Караулки были построены у ворот для охраны территории парков и проживания сторожей. Вначале они были деревянные. Проект каменных домиков разработал главный архитектор Гатчины Л.Ф. Шперер. К началу ХХ века в парках существовало 10 караулок. Сейчас их перестраивают, а я помню, что в домиках были вместительные подвалы, высокие чердаки, обширные пристройки в виде сарая.

Также дирекции принадлежал деревянный двухэтажный дом недалеко от дворца. Его для себя построил послевоенный директор А.Г. Демидов. Там был водопровод и даже ванна, что считалось редкостью для того времени.

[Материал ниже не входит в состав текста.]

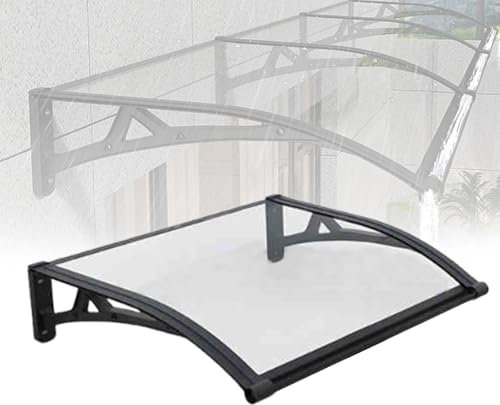 Auvent Pour Porte D'entrée, Marquise De Porte Exterieur, Auvent De Véranda Incurvé, Auvent De Porte D'entrée, Marquise En Polycarbonate Résistante, Pour Patio De Jardin Extérieur(80x220cm/31.5x86.6in)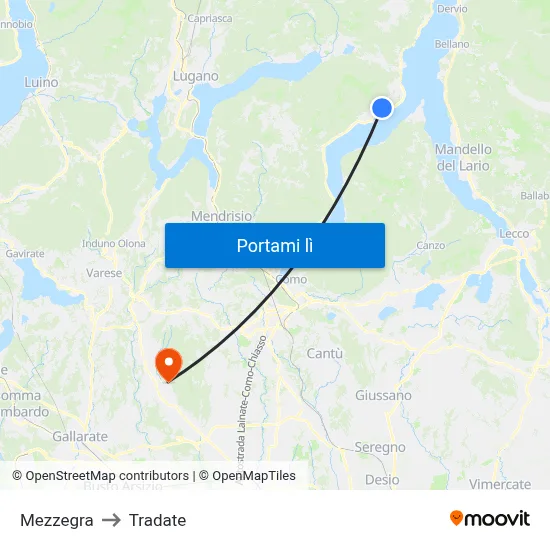 Mezzegra to Tradate map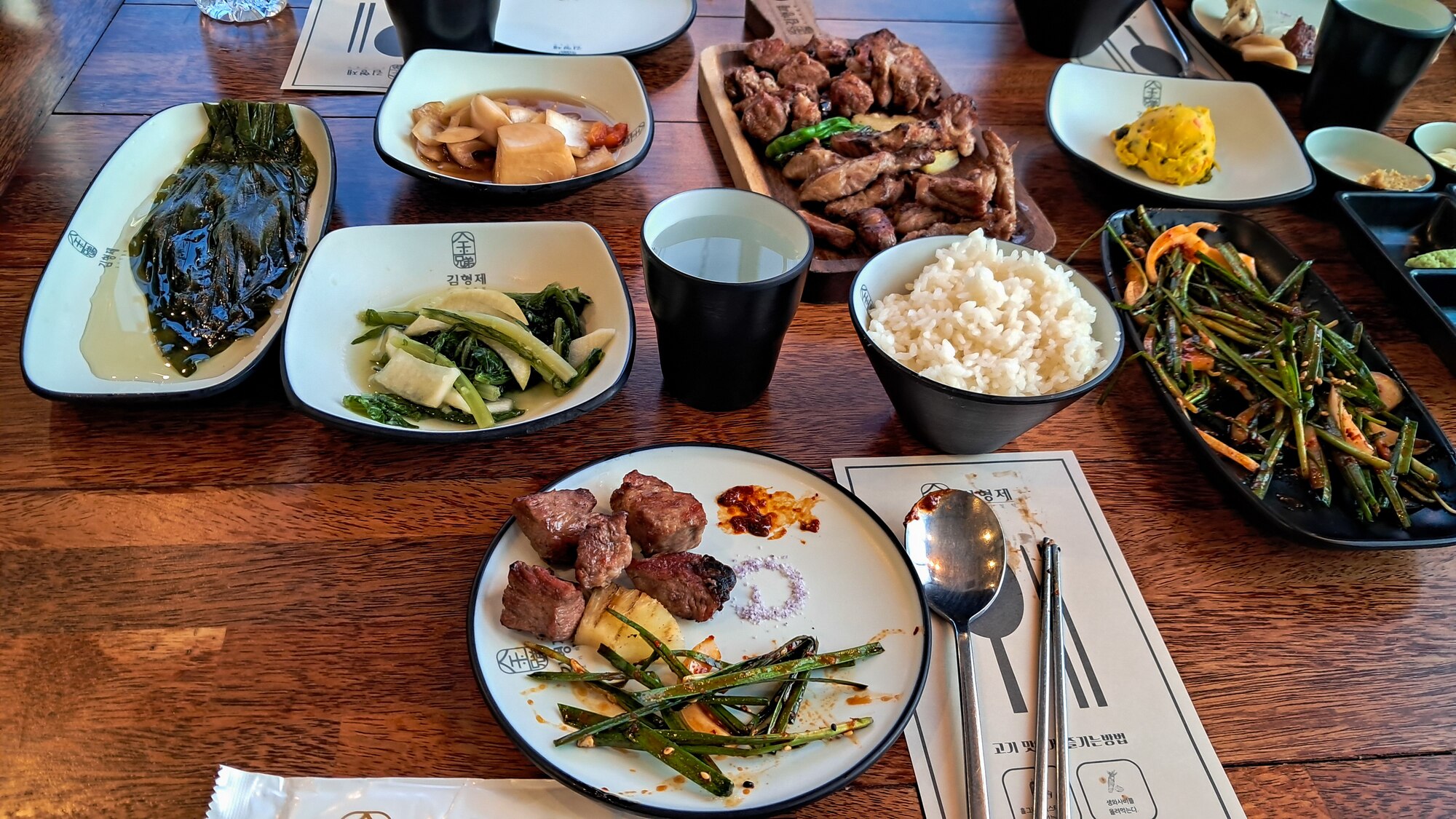 A traditional Korean meal is prepared for visitors participating in the U.S. Forces Korea Korean Cultural Immersion Program at a restaurant in Geoje, Republic of Korea, May 1, 2024.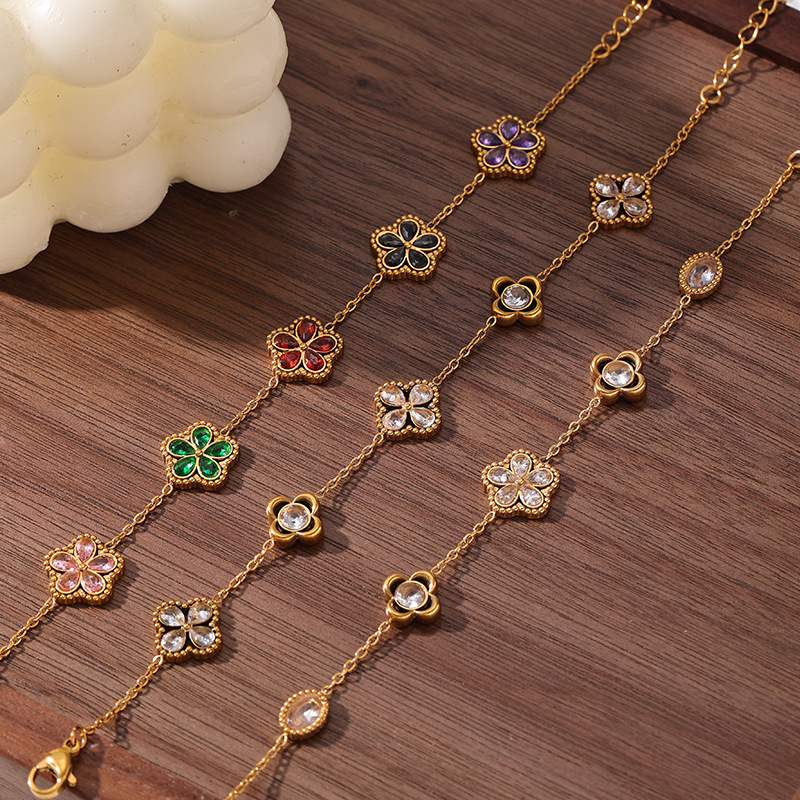 Tina Europa y los Estados Unidos explotaron la moda transfronteriza 18 quilates oro color zircon pulsera de flores ligera de lujo alta sensación de joyería al por mayor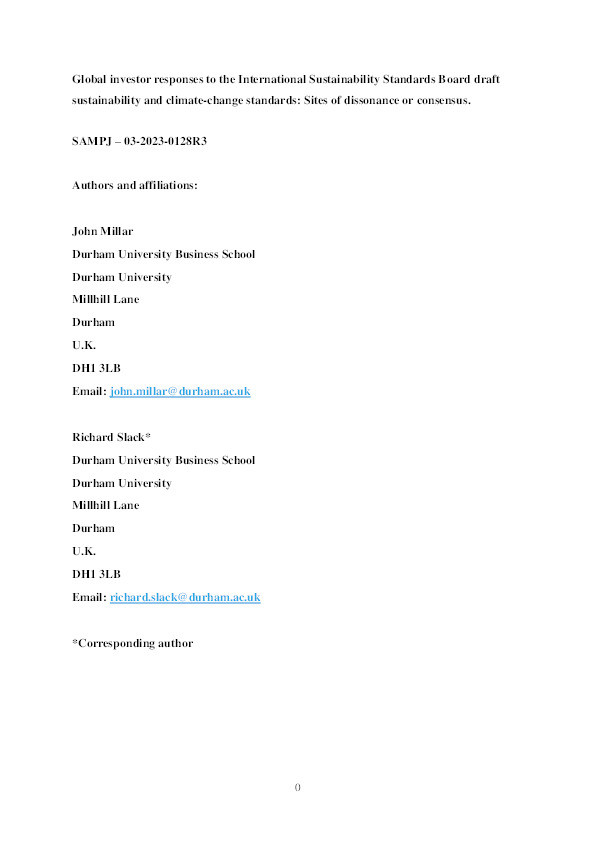 Global investor responses to the International Sustainability Standards Board draft sustainability and climate-change standards: Sites of dissonance or consensus Thumbnail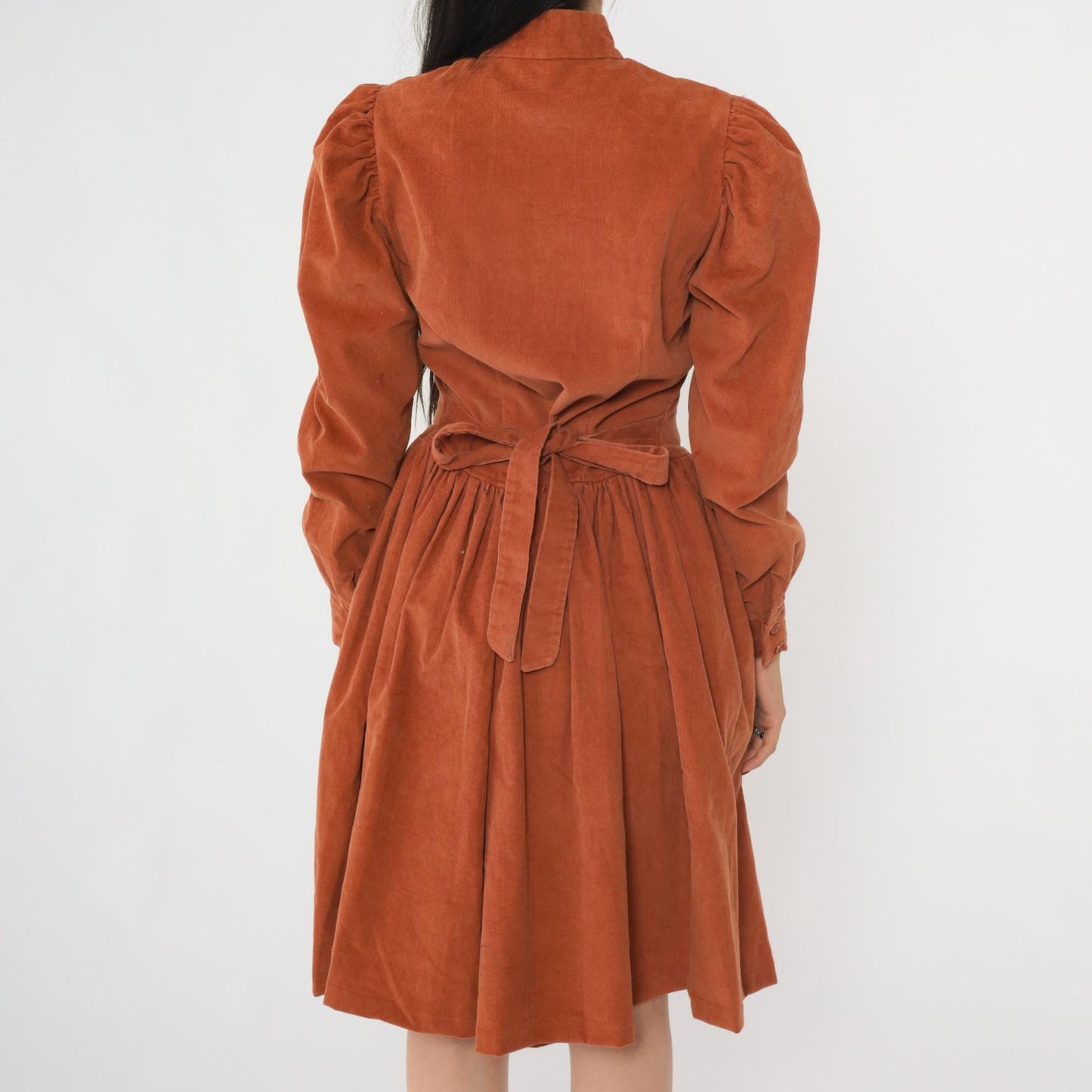 80s Rust Corduroy Midi Dress High Neck Puff Sleeve Fitted Waist Small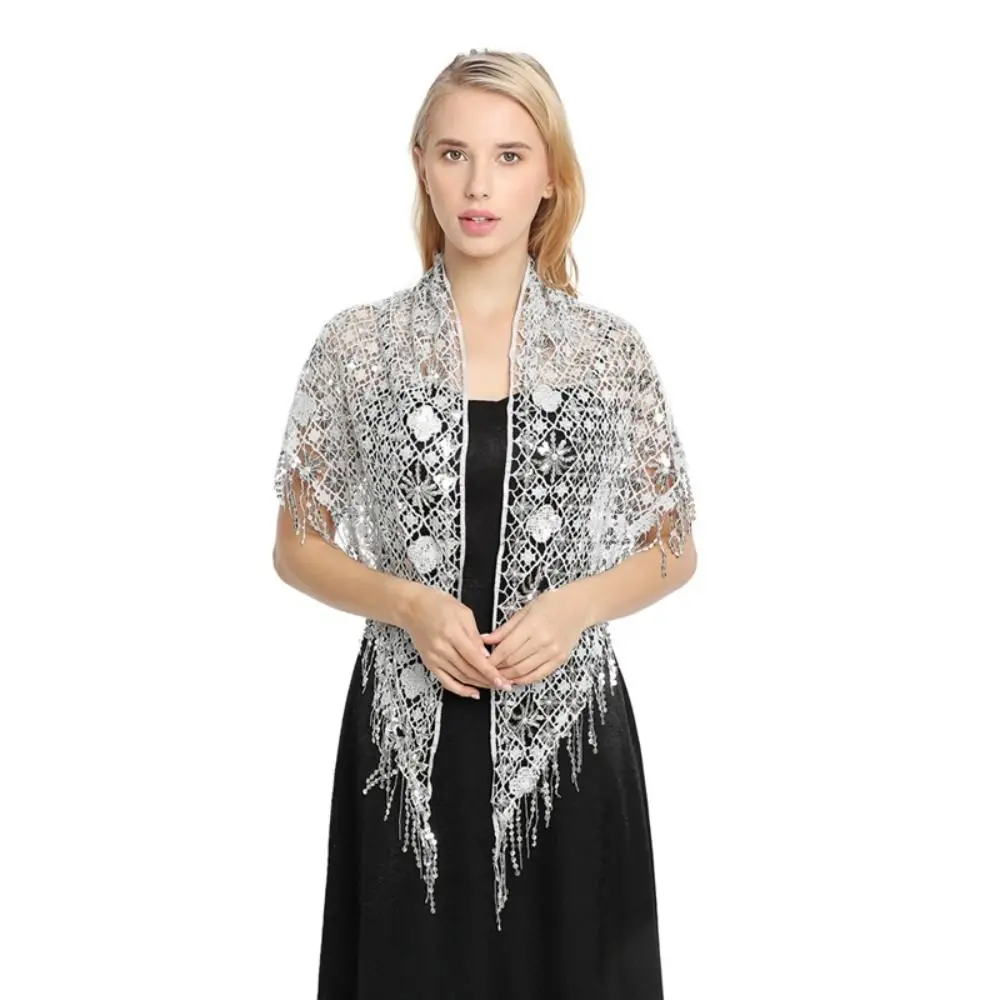 

Sequins Sequins Tassel Shawls Capes Hollow Out Triangle Shawl Tassels Dance Accessories Belly Dancing Scarf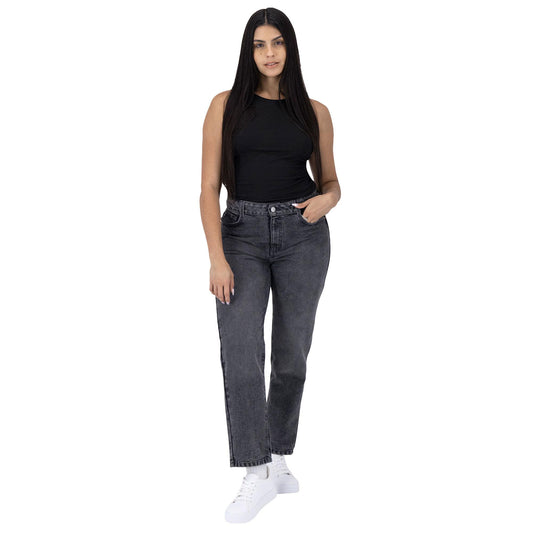 Jeans mom mujer gris - frente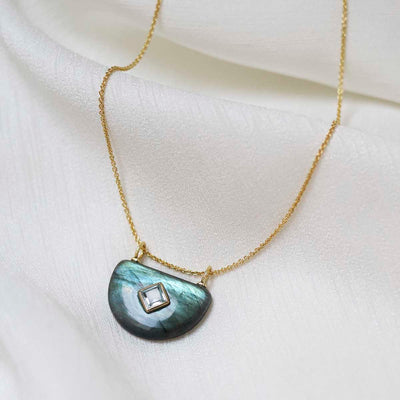MM16_Sterling Silver Gold Plated Half Oval Labradorite and Blue Topaz Stone Set Gem Necklace_Trace 1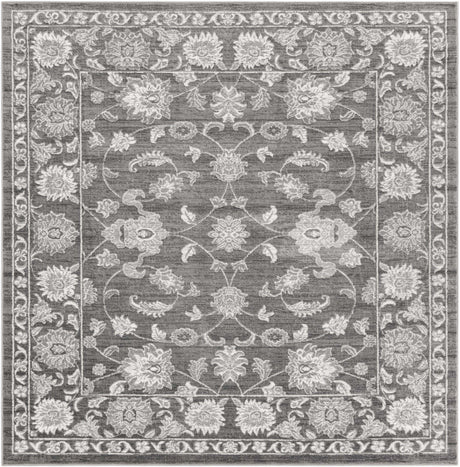 Gray 7' 10 x 7' 10 Boston Square Area Rug 55% Polypropylene & 45% Polyester Easy Clean Traditional Classical Carpet for Contemporary Living Dining Room Office Space for Sale at Rug Engine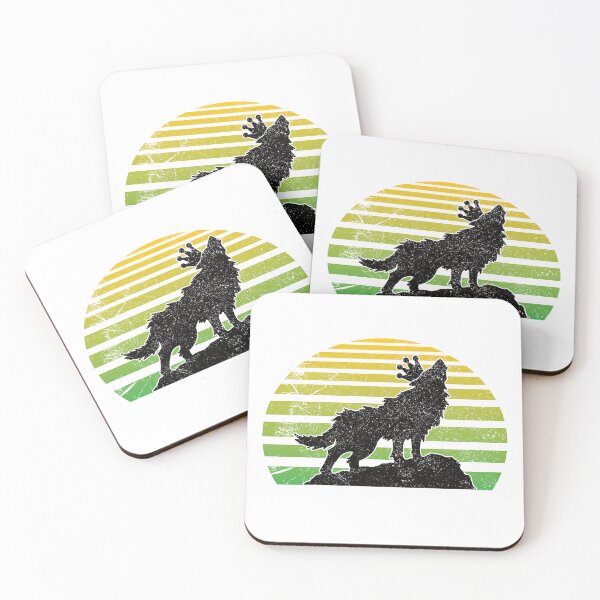 Item preview, Wolf With Crown Green Retro Vaporwave Sun Vintage Weathered designed and sold by TheRainFamily.
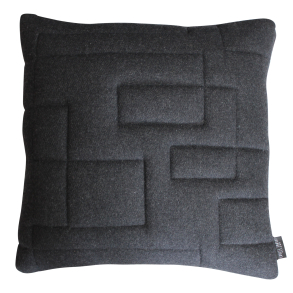 Pude Quiltet uld 65x65, Mrkegr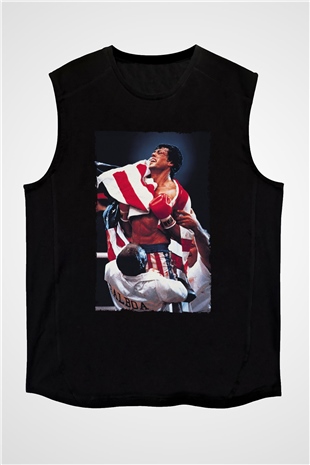 Unisex Rocky IV Baskılı Siyah Kolsuz Tshirt
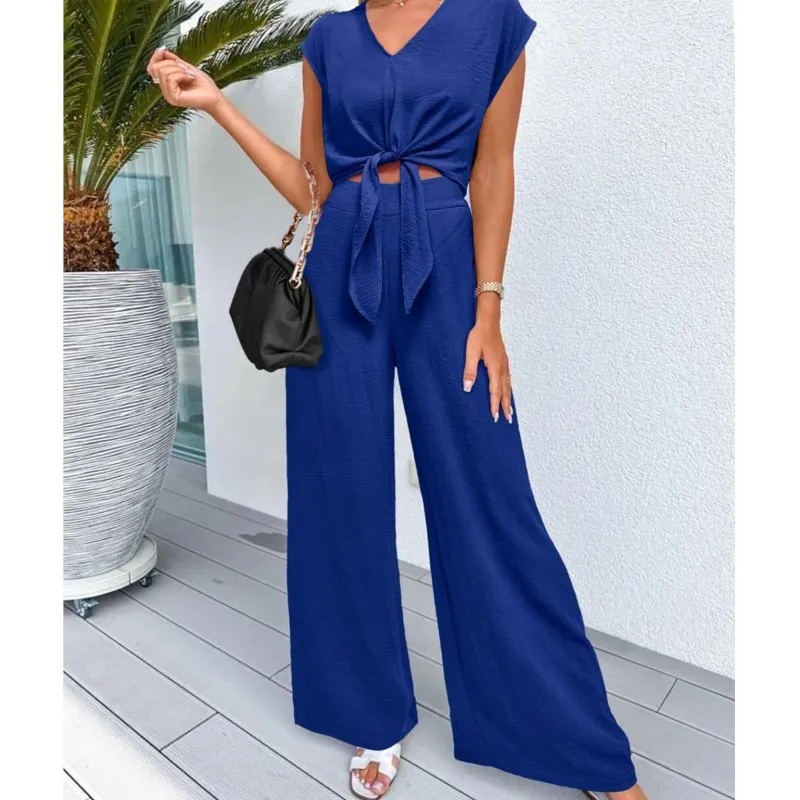 

2025 New Solid Casual Set Summer V-neck Lace-up T-shirt & High Waist Loose Trousers 2 Piece Sets Women's Outfits Vacation Suits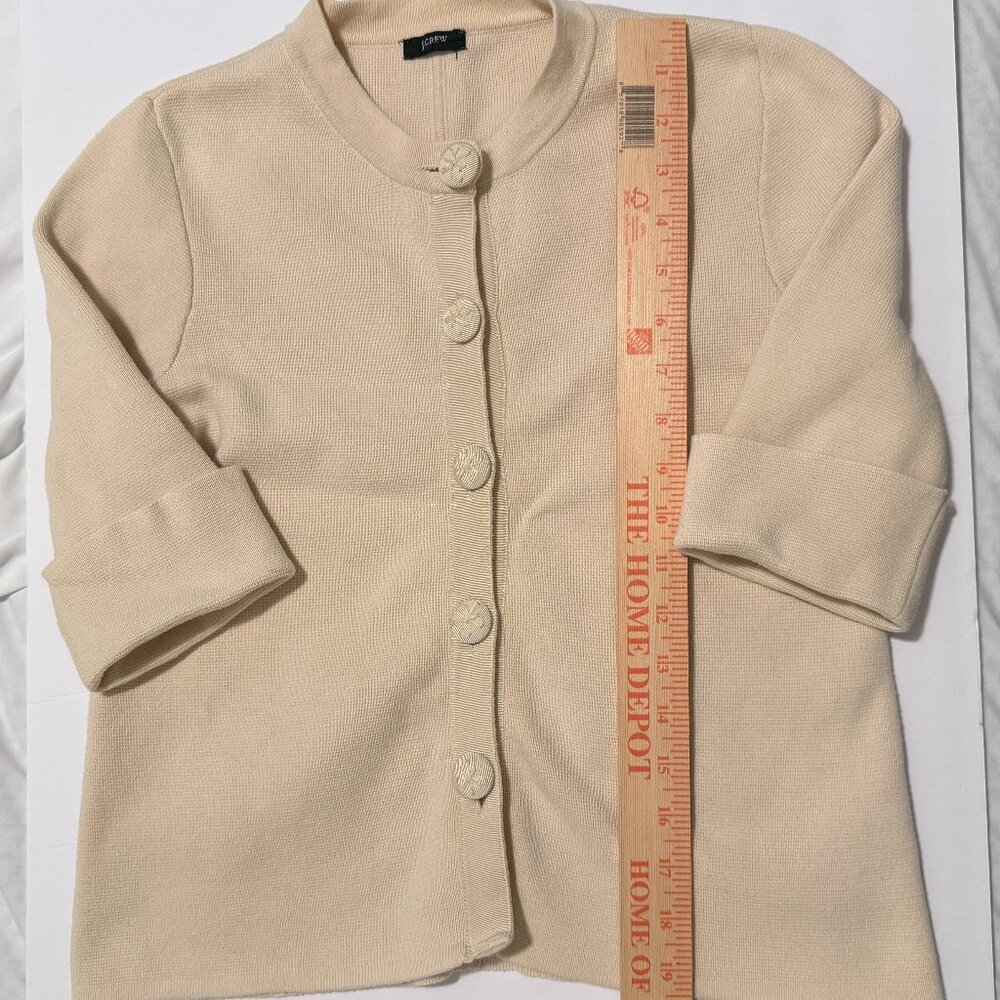 J.Crew Cream Cardigan Sweater Half Sleeve 5 Button Style 81752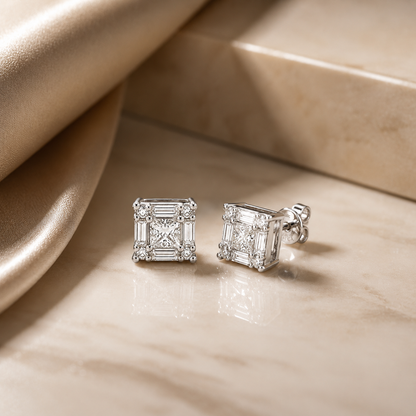 Imperia Princess Diamond Stud Earrings in 18K White Gold | Buy Dimaond jewellery 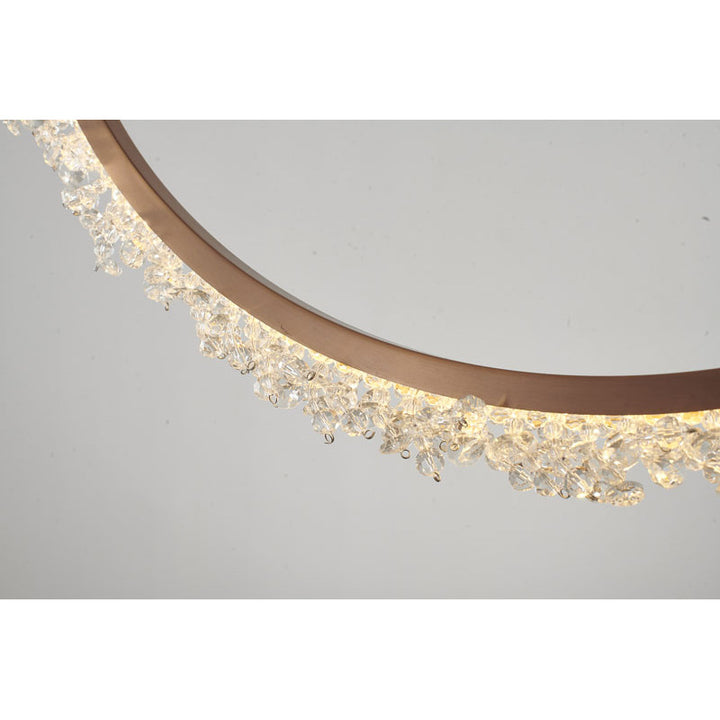 Frame LED Chandelier Ring with Clear Crystal Beaded Detailing by Bethel - view 15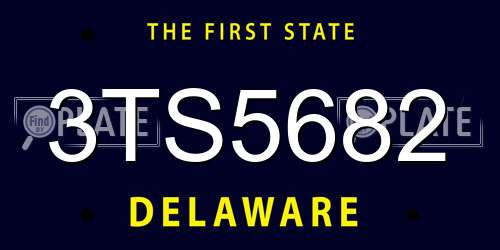 3TS5682 Delaware License Plate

В 70-е годы прошлого века Дворцовый парк имел статус «Парка культуры и отдыха». Специфика городского парка определяла его содержание и проводимую работу. Для обслуживания парка на территории бывшей Дворцовой фермы или как тогда называли «хоздвора» находились необходимые хозяйственные службы с оборудованными мастерскими, складскими помещениями, гаражом и конюшней. Среди рабочих были настоящие умельцы, которые могли изготовить весь парковый инвентарь, починить телегу, выполнить ремонт в зданиях и многое другое. Например, когда нам понадобился второй шкаф в кабинет, его не покупали, а сделали в мастерской хоздвора нужного размера с удобными полками для хранения наших папок.

Сейчас комплекс бывшей Дворцовой фермы по-прежнему расположен на противоположном «Птичнику» берегу Колпанки. Но история его создания до сих пор недостаточно изучена. Даже в последних исследованиях вопрос авторства главного здания-павильона «Ферма» остался открытым, и перечисляются такие архитекторы, как Винченцо Бренна, Андриан Захаров,  Петр Старов и другие.

И вот наступил мой первый летний сезон в парке. В теплые дни я выносила старенькую пишущую машинку на берег Колпанки и часами отстукивала, перепечатывая страницы исторических документов, которые стали пополнять научный архив и были необходимы для будущей реставрации. Мне нравилось смотреть на уходящую в даль парка «Зверинец» прямую дорогу Цагове, на медленно текущие воды Колпанки, думать о прежних временах и мечтать о будущих.